» Required action: Everything from the first line of the material below through the line containing "BTX Capilar 1kg" is to be printed exactly, and nothing more.
==== Available data
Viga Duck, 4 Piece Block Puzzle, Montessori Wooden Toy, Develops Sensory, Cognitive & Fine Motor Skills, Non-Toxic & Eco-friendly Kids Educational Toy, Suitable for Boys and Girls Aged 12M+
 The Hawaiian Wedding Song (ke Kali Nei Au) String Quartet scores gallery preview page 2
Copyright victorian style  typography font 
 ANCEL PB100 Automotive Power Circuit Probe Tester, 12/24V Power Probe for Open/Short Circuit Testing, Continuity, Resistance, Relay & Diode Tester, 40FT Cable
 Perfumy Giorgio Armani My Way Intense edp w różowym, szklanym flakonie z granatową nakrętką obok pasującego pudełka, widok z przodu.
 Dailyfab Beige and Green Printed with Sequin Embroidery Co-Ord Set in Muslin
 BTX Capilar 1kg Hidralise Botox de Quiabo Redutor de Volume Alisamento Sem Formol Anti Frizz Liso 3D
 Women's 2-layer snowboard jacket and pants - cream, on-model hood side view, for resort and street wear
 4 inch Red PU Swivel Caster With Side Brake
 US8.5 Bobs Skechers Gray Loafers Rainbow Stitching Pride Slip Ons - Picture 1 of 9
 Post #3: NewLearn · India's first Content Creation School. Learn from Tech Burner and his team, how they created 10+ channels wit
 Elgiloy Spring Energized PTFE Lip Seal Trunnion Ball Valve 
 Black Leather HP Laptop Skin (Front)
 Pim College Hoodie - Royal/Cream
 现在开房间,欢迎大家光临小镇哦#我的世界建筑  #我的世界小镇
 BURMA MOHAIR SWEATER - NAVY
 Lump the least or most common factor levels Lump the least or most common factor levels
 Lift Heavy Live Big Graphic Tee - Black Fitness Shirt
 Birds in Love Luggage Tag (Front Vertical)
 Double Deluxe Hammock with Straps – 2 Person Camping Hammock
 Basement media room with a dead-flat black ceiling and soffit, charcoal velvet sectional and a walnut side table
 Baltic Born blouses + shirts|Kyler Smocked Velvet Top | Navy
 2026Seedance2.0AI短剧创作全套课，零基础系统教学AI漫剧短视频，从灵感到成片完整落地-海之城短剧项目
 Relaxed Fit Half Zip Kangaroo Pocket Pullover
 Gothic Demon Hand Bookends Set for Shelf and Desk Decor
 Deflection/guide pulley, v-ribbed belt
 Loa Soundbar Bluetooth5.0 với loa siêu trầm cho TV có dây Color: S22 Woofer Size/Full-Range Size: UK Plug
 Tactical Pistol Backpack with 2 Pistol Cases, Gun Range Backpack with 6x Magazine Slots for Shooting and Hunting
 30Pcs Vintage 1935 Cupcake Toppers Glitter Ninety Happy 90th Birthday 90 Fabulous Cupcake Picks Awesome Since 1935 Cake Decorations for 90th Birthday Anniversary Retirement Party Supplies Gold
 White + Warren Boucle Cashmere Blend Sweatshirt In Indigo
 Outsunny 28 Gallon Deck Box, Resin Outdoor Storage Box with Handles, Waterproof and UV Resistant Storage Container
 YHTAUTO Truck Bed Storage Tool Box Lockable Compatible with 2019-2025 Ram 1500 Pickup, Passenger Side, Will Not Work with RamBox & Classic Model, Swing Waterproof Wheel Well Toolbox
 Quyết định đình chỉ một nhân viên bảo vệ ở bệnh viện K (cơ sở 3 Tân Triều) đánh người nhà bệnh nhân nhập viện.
========
» Problem solution:
Viga Duck, 4 Piece Block Puzzle, Montessori Wooden Toy, Develops Sensory, Cognitive & Fine Motor Skills, Non-Toxic & Eco-friendly Kids Educational Toy, Suitable for Boys and Girls Aged 12M+
 The Hawaiian Wedding Song (ke Kali Nei Au) String Quartet scores gallery preview page 2
Copyright victorian style  typography font 
 ANCEL PB100 Automotive Power Circuit Probe Tester, 12/24V Power Probe for Open/Short Circuit Testing, Continuity, Resistance, Relay & Diode Tester, 40FT Cable
 Perfumy Giorgio Armani My Way Intense edp w różowym, szklanym flakonie z granatową nakrętką obok pasującego pudełka, widok z przodu.
 Dailyfab Beige and Green Printed with Sequin Embroidery Co-Ord Set in Muslin
 BTX Capilar 1kg Hidralise Botox de Quiabo Redutor de Volume Alisamento Sem Formol Anti Frizz Liso 3D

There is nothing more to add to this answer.